Exercise brief:
Transcribe only the lines between the first line of the records and the line containing "Apartments By The", inclusive, exactly as written.

Task input:
*** Block opens ***
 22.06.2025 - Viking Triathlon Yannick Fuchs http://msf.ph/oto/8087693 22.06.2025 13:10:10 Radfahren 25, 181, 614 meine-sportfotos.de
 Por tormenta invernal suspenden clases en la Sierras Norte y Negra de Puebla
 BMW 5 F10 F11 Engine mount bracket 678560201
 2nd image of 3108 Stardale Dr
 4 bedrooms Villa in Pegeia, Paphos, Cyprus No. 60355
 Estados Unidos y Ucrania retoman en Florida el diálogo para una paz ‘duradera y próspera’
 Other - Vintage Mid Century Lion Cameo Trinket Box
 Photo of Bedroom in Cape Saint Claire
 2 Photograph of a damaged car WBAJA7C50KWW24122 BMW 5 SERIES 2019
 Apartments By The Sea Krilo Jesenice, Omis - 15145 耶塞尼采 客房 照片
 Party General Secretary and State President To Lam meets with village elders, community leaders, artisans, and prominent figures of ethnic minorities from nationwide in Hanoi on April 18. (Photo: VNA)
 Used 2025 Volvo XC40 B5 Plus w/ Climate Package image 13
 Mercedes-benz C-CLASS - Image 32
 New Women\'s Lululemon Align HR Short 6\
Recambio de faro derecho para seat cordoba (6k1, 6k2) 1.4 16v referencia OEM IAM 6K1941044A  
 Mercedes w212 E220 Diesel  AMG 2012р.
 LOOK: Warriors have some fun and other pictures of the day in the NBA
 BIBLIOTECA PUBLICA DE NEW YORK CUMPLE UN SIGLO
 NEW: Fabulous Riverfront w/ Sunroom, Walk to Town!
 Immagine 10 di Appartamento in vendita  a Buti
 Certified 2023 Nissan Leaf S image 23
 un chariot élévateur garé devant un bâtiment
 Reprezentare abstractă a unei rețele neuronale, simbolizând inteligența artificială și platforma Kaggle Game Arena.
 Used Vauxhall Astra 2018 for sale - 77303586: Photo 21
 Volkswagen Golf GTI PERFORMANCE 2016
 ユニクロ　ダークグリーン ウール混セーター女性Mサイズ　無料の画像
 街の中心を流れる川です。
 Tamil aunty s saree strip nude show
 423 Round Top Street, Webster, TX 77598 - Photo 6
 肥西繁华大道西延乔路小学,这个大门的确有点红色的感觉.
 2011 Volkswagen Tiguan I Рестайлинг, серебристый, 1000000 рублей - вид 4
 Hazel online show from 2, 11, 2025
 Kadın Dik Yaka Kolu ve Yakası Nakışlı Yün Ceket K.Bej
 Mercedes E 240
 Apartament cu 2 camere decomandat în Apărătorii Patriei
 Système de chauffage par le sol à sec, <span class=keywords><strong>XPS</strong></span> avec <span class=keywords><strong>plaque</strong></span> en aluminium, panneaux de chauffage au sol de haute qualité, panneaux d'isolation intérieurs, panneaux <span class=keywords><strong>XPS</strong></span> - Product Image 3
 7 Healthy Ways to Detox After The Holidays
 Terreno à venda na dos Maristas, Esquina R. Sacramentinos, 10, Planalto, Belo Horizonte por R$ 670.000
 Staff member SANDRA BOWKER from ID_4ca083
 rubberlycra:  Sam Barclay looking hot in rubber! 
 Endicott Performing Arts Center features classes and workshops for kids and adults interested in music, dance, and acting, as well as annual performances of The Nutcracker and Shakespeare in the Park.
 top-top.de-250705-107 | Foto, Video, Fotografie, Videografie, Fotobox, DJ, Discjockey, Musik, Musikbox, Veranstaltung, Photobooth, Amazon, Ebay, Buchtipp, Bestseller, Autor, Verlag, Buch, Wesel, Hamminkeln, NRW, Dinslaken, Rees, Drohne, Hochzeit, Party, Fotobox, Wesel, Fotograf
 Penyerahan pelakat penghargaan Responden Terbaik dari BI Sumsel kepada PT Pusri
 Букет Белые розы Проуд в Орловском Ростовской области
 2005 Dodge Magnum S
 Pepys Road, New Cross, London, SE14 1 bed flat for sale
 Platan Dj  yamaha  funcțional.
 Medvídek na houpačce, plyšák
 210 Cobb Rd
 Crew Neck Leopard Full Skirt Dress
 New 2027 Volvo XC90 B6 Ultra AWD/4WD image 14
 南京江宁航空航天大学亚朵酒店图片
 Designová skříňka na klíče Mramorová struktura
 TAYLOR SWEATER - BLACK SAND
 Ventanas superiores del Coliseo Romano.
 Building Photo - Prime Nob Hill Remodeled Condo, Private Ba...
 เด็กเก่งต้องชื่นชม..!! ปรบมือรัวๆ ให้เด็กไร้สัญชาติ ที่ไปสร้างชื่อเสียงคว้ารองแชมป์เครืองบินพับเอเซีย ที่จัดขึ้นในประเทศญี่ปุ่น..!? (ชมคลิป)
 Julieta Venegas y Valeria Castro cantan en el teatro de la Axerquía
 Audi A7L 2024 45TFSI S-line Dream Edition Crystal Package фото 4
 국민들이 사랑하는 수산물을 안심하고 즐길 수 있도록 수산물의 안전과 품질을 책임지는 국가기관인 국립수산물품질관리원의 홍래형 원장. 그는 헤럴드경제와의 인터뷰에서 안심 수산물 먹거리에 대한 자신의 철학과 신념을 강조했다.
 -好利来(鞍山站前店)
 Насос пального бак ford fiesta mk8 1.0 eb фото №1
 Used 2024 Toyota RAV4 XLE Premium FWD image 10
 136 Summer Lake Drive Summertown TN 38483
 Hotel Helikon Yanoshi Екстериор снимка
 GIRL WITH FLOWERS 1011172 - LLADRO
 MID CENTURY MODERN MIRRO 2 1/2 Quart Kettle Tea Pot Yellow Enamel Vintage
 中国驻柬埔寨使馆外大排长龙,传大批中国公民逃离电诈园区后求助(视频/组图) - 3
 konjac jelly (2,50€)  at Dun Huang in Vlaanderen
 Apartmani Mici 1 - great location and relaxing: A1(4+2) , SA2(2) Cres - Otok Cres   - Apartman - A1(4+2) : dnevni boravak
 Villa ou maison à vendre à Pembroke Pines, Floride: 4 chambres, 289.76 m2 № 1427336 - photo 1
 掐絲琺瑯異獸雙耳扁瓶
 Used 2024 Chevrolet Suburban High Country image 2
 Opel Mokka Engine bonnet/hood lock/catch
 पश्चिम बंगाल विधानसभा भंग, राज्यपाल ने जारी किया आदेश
*** Block closes ***
Result of the task:
 22.06.2025 - Viking Triathlon Yannick Fuchs http://msf.ph/oto/8087693 22.06.2025 13:10:10 Radfahren 25, 181, 614 meine-sportfotos.de
 Por tormenta invernal suspenden clases en la Sierras Norte y Negra de Puebla
 BMW 5 F10 F11 Engine mount bracket 678560201
 2nd image of 3108 Stardale Dr
 4 bedrooms Villa in Pegeia, Paphos, Cyprus No. 60355
 Estados Unidos y Ucrania retoman en Florida el diálogo para una paz ‘duradera y próspera’
 Other - Vintage Mid Century Lion Cameo Trinket Box
 Photo of Bedroom in Cape Saint Claire
 2 Photograph of a damaged car WBAJA7C50KWW24122 BMW 5 SERIES 2019
 Apartments By The Sea Krilo Jesenice, Omis - 15145 耶塞尼采 客房 照片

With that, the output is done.